The game features animated cutscenes produced by Studio Pierrot, who also produced the cutscenes in the first two games. The voices were recorded and directed by Jin Aketagawa at Magic Capsule. Miki Nagasawa and Etsuko Kozakura replaced Miho Kanno and Mika Kanai as the voices of Rami Nanahikari and Pochi Nanahikari, respectively, though Kanai reprised her role as Himiko Yamatai, as did Jōji Yanami as Dr. Pon, Keiko Yamamoto as Grandma, Yusaku Yara as the narrator, and Kae Araki as Yoshiko Oroshiya. Additional voices were provided by Nagasawa, Araki, Tomohisa Asō, Kōji Ishii, Kumiko Watanabe, Kurumi Mamiya, Tomokazu Seki, Dai Sasahara and Misa Watanabe.

==Release==
Rami-chan no Ōedo Sugoroku: Keiō Yūgekitai Gaiden was released on September 17, 1998. Upon its release, the game received mixed-to-negative reviews for its poor graphics, gameplay, and mechanics, and the absence of Miho Kanno.
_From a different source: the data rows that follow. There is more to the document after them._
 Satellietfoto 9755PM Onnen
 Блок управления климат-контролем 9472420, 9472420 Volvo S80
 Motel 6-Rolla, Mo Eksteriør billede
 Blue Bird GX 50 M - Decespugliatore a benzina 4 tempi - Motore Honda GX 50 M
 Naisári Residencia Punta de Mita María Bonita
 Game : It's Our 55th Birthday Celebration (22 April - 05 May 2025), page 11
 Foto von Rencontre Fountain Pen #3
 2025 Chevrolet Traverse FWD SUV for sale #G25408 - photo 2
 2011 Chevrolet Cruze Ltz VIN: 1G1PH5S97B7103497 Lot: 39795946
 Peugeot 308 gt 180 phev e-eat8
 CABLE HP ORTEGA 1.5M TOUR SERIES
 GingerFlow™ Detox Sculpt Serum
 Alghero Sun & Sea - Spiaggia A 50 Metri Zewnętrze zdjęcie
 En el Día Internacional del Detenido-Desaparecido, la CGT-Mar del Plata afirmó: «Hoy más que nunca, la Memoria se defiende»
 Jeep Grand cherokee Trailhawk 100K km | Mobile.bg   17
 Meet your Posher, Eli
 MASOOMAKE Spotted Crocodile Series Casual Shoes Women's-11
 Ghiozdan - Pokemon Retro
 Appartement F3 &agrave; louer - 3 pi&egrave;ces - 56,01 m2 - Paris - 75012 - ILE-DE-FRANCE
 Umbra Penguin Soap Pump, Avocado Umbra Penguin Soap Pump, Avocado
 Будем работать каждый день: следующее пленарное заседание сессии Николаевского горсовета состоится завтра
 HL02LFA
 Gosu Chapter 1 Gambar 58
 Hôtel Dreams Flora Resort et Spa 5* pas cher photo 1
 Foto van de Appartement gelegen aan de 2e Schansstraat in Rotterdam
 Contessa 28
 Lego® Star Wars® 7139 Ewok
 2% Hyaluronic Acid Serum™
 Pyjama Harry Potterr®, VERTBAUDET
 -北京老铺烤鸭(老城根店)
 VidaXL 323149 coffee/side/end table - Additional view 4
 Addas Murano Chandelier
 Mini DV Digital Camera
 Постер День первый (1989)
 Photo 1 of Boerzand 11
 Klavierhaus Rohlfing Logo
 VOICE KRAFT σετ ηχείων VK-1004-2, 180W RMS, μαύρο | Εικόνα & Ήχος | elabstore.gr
Its genre, release on the PlayStation and expensive price also unintentionally led to the first two games receiving negative reviews at the time for their different genres, releases on the Sega CD and Sega Saturn and prices.

On August 7, 2023, Tsukasa Tawada stated that he personally thought at the time that it would have been nice if the series had a fourth installment, a role-playing game. In February 2024, Samantha Paris, Rami's voice actress in the English versions of the first two games, stated that she was not aware of the game.